NVIDIA has just announced their latest TTT based on Turing GPU. In an event GTC 2018 Japan keynote NVIDIA’s CEO, Jensen Huang unveiled the first Tesla based graphics card featuring the brand new Turing GPU.
The graphics card is designed to accelerate deep performance by a magnitude and going to deliver breakthrough performance for AI video applications over its predecessors. On the previous generation enabling decode up to 38 full-HD video streams in video processing was not possible, but with new Tesla T4, it is now possible.
Nvidia’s New Tesla T4 Is Announced To Deliver Multi-TFLOPs of Performance at 75W.
The specifications include its single-slot PCI-e form factor, Turing TU104 GPU with 2560 CUDA cores and 320 tensor Cores. The graphics card delivers 8.1 TFLOPs of FP32 performance, 65 TFLOPs of FP16 mixed-precision, 130 TOPs of INT8 and 260 TOPs of INT4 performance at just 75W. Multi-TFLOPs of Performance at 75W means the graphics card doesn’t require any external power source, in case of shortage it will be consuming power47 from the PCIe slot and can be put inside a 1U, 4U since the small form factor design will allow large-scale server compatibility.
The NVIDIA Tesla T4 GPU is the most advanced inference accelerator, which is powered by NVIDIA Turing Tensor Cores. T4 brings revolutionary multi-precision inference performance to accelerate the diverse application of modern AI. The package is an energy efficient 75W, small PCIe form factor and optimized for scale-out servers and announced to deliver inference in real time.
As the continuous growth of online videos demands solutions to efficiently search and gain insights from the video. Tesla T4 delivers breakthrough performance for AI video applications with transcoding engines that gives a double performance. T4 can decode up to 38 full-HD video streams which make it easy to integrate scalable deep learning into video pipelines to deliver innovative, smart video services.

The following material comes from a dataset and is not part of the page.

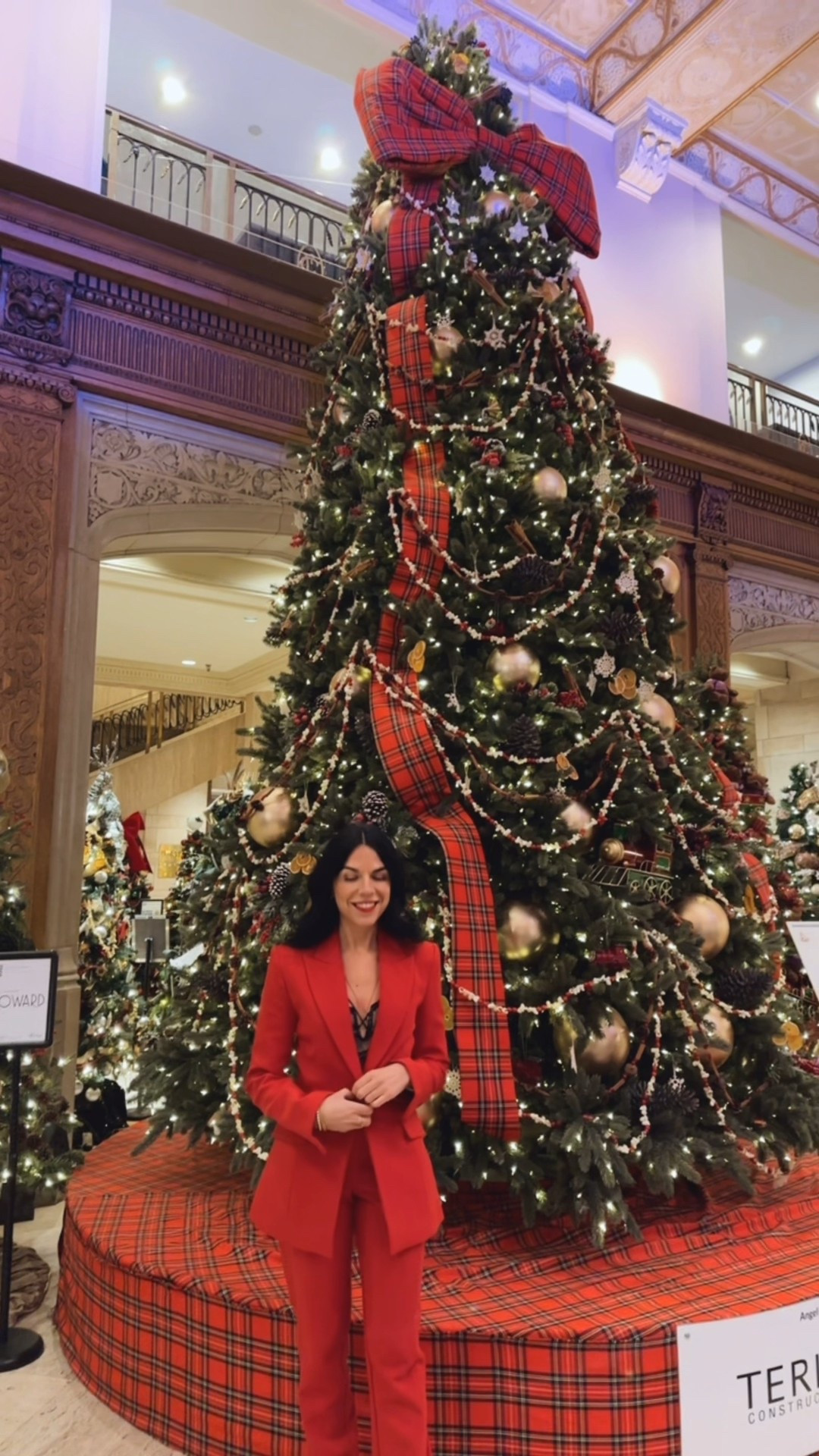 Petit saut au Château Laurier pour l’apéro. 🥂 Ce tailleur! 😍

#LTKcanada #LTKpetite #LTKholiday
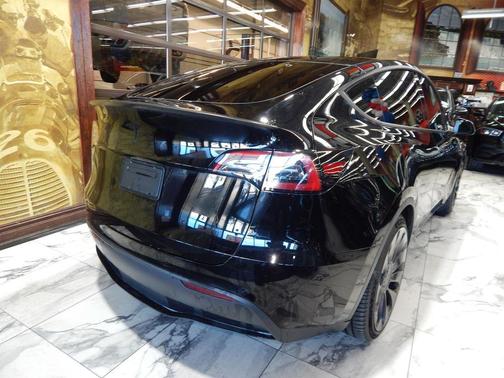 2022 Tesla Model Y Performance Dual Motor All-Wheel Drive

The graphics card packs 16GB of DDR6 memory to deliver bandwidth of more than 320 GB/s. The NV TensorRT Hyperscale Platform optimized for powerful, highly efficient inference. The NV TensorRt Hyperscale Platform includes a comprehensive set of hardware and software offering.
Key Element of T4:
- The graphics card featuring 320 Turing Tensor Cores and 2560 CUDA cores, the breakthrough performance with flexible, multi-precision capabilities from FP32 to FP16 to INT8, as well as INT4.
- The package is energy-efficient and offers 65 teraflops of peak performance for FP16.
- NVIDIA TensorRT 5 – An inference optimizer and runtime engine and supports Turing Tensor Cores and expands the set of neural network optimizations. The Package also includes NVIDIA TensorRT inference server which has microservice software enables applications to use AI models in data center productions.
- NVIDIA GPU Cloud availability, all popular AI models and framework support, Kubernetes and Docker integration.